もしかしてこれは、“失敗”しているんじゃなくて、ただ試しているだけなんじゃないか。

一回で正解にたどり着けなくても当然で、試して、直して、少しずつ慣れていく途中なんじゃないか。

そう思えた瞬間、こちらの焦り方が少し変わりました。


声のかけ方を変えてみた

翌朝、同じように時間が迫る中で、子どもはまた靴下を手にして動かなくなりました。

いつもなら、「早くして」「もう時間ないよ」と言っていたところで、その日はこう聞いてみました。

「ズボンを履く?くつしたを履く?」

子どもはしばらく考えてから言いました。

「くっくした」

「パパがやる?自分で?」

「じぶんで!」

正直、遅い。効率がよくない。でもそのあと、かかとのところは少しズレたものの、自分で靴下を履けました。

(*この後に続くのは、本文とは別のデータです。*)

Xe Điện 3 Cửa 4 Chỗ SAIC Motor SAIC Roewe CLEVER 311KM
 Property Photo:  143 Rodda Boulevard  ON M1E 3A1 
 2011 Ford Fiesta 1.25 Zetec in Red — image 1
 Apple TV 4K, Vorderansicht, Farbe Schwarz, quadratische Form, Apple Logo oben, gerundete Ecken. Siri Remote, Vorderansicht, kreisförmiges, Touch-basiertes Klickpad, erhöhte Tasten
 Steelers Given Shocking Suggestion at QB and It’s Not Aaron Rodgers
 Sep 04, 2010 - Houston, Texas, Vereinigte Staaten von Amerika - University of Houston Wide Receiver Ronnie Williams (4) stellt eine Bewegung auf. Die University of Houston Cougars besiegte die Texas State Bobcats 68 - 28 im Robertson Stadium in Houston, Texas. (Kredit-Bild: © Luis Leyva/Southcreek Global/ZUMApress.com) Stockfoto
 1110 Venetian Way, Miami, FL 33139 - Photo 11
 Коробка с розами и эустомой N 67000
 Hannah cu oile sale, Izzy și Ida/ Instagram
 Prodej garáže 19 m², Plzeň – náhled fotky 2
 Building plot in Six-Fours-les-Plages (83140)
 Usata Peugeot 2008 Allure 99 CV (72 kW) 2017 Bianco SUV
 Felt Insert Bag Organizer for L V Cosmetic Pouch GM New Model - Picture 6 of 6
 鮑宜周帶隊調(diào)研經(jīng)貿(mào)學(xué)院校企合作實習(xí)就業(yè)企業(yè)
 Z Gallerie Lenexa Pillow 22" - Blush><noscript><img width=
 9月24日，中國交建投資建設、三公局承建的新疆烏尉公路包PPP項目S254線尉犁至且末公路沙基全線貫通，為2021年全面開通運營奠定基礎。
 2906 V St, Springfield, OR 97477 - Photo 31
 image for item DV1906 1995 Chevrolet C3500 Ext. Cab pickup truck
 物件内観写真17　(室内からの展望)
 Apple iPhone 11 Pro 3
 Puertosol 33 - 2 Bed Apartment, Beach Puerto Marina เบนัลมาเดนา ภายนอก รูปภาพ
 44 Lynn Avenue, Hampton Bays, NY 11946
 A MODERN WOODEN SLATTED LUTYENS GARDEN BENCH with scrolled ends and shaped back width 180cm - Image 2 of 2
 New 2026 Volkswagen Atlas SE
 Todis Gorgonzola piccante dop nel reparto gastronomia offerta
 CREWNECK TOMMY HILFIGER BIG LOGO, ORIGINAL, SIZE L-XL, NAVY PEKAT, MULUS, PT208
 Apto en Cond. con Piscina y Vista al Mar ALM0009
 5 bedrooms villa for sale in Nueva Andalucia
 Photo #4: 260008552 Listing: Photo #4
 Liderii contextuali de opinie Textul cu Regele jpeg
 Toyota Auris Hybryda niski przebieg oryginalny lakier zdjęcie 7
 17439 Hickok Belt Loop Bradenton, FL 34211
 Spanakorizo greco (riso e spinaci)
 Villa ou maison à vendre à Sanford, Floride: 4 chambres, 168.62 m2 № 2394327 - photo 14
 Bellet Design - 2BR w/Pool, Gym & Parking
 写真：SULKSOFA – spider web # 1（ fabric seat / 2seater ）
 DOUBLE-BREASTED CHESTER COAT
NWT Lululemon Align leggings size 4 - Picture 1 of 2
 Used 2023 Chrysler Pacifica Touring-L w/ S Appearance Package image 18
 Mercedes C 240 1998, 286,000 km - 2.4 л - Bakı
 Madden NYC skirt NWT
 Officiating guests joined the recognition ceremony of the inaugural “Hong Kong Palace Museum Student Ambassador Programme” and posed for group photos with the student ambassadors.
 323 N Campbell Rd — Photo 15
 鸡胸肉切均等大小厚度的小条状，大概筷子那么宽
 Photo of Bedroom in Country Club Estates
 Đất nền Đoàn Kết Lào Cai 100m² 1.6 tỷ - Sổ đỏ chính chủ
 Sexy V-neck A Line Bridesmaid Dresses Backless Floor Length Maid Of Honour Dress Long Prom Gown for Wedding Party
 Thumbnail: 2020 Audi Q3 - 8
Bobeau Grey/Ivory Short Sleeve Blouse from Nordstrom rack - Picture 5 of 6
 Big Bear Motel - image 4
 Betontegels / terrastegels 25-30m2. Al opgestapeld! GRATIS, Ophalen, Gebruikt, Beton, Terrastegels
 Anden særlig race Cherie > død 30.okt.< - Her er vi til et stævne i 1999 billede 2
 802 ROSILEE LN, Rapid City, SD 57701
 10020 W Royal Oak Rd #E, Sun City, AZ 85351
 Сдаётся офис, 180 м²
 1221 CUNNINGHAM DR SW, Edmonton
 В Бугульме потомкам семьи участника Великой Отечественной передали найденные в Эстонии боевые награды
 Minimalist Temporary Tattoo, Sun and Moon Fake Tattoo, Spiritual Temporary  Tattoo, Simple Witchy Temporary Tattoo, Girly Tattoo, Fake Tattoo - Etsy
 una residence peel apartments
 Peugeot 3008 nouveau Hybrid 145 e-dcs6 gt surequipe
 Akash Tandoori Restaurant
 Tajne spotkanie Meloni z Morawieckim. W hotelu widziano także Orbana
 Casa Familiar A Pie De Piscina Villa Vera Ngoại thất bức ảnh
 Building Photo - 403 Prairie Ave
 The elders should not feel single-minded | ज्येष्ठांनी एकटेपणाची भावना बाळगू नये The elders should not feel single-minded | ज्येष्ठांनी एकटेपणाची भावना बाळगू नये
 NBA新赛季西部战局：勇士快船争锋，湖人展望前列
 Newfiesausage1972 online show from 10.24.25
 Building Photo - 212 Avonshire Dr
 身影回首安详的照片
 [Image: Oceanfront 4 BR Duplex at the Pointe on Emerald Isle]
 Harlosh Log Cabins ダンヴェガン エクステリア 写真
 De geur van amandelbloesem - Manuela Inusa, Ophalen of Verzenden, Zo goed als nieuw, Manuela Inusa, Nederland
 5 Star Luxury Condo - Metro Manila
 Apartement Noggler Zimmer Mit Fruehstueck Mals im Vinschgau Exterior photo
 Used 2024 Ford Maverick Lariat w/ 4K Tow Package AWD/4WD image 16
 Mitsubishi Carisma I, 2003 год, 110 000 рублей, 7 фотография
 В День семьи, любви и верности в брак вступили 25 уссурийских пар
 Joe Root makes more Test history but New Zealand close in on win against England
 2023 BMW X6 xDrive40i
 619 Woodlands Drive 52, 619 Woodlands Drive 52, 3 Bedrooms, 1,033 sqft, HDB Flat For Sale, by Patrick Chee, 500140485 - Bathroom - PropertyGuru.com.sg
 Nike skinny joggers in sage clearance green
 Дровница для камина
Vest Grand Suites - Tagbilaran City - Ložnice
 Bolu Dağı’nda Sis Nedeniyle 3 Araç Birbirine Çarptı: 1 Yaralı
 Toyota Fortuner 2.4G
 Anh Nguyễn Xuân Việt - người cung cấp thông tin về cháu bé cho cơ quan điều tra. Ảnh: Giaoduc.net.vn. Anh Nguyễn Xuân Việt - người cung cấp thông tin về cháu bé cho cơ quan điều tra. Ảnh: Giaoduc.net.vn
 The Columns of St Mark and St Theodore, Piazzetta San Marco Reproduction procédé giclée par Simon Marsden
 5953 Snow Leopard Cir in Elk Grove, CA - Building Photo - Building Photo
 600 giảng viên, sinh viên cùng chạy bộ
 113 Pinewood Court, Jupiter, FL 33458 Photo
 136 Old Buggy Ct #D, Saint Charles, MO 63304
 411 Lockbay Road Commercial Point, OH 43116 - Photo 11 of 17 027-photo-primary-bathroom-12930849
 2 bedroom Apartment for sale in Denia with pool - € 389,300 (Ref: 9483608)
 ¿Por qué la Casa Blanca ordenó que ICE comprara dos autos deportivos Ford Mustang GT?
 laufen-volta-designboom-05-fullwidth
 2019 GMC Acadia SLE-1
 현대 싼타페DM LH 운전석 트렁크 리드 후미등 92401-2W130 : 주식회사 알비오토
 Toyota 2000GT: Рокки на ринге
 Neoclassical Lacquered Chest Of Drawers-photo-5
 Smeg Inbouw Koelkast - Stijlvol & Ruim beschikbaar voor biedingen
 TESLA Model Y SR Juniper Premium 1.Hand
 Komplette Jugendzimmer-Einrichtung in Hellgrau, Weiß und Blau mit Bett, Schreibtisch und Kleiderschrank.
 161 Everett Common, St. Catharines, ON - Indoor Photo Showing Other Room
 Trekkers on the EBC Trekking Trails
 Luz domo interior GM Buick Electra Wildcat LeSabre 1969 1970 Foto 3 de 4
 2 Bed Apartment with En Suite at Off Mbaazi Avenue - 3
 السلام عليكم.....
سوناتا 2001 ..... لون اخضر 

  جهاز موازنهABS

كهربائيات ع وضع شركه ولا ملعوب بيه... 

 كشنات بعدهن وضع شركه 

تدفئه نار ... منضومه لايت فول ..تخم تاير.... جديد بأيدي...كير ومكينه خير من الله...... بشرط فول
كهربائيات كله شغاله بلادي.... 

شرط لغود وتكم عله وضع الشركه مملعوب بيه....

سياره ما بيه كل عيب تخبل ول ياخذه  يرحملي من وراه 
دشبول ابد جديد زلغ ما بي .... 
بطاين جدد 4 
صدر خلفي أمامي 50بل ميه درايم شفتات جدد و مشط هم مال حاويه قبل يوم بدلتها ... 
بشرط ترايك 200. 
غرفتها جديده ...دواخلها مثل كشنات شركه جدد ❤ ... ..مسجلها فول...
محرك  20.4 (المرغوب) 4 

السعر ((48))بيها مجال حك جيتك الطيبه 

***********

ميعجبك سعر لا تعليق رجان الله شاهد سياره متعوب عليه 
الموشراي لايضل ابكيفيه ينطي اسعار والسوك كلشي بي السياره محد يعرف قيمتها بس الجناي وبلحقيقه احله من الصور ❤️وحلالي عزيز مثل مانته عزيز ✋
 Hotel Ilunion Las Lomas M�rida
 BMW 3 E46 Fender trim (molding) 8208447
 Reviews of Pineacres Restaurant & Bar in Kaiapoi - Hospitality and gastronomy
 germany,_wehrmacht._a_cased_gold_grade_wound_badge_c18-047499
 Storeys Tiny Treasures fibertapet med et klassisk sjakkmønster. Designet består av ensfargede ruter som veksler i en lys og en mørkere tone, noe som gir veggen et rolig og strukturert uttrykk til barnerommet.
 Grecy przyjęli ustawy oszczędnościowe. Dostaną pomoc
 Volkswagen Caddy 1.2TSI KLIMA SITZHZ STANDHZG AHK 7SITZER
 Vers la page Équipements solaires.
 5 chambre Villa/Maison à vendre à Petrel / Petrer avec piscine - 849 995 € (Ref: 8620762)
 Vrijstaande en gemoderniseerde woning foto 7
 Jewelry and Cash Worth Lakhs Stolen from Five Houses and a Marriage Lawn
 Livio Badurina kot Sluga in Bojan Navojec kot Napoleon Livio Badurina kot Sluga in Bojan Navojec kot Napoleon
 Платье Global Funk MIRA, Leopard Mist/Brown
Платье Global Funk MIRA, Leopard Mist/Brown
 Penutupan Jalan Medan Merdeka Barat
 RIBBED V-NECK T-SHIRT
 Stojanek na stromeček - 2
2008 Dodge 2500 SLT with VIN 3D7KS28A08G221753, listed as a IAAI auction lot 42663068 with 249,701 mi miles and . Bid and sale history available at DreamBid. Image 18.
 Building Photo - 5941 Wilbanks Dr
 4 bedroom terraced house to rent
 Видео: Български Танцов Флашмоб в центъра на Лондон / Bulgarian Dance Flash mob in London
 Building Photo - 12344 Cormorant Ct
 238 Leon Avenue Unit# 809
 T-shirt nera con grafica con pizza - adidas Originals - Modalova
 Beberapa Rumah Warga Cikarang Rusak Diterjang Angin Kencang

私がやったことは、まずは考える順番について考えることに導くことだったと思います。

これまでは何を考えればいいのかわからない状況だったのではないでしょうか。


子どもの反応も明らかに違った

その日の夜、パジャマを着せようとすると、子どもが言いました。

「じぶんで!」

その言い方が妙に誇らしげで、私は少し驚きました。

朝の支度も同じだったのかもしれません。

「やらされた朝」じゃなくて、「自分でできた朝」になっていたんだと思います。

こちらの声かけを少し変えただけで、子どもの表情や空気が変わることがある。

そのことが、意外と大きかったです。


ミッションは「親の理想」じゃなくていい

本書では、ミッションについて「迷ったときのよりどころ」だと書かれています。

これを育児に当てはめるなら、「いい子に育てる」「ちゃんとした大人にする」みたいな大きい理想じゃなくてもいい。

私はこの本を読んで、かなり小さなミッションを置くことにしました。

「自分で選んだと思える瞬間を増やす」

叱るか迷ったとき、先回りしたくなったとき、いったんこの言葉に立ち戻る。

それだけで、判断が少し具体的になりました。「今の声かけは、選ぶ余地をつくれてるかな?」と考えられるようになったからです。


「投げっぱなし」と「全部コントロール」の間がある

本の中に、「作った人がメンテナンスもする」という話が出てきます。

投げっぱなしにしない。でも、全部をコントロールしない。

育児に置き換えると、私はずっとどちらかに寄っていました。

  • 口も手も出してしまう

  • もう知らない、と距離を取ってしまう

でもこの本を読んでから、その間にもう一段階ある気がしました。

  • 決めるのは子ども

  • 困ったら、すぐ戻れる場所に親がいる

朝の支度でも、途中で止まったときに急かさず、でも離れない。
「どうする?」とだけ聞く。それだけで、もう一度考え始めることがある。

うまくいく日ばかりじゃないけれど、「間」をつくると空気が変わる瞬間がありました。


うまくいかない日も、ちゃんとある

もちろん、毎日うまくいくわけじゃありません。

決めさせてもふざけて進まない日もある。

間に合わなくて、結局こちらが抱えて靴を履かせる日もある。

でも以前と違うのは、それを“終わり”みたいに感じなくなったことです。

今日はこのやり方は合わなかった。じゃあ、次はどうする?

一回で正解を出そうとしなくなった。それだけで、焦りが少し薄くなりました。


この本は、育児をラクにする本じゃない

『ユニコーン企業のひみつ』を読んでも、子育てが急にラクになるわけではないと思います。

むしろ、向き合う責任ははっきりする。

でもその代わり、「どう向き合うか」を子どもの反応を見ながら考える視点をくれました。

いま、何を試しているのか。
どこまで任せられるか。
どこで支えるか。

正解はない。でも、試しながら直していくやり方はある。

私はこの考え方に、けっこう助けられました。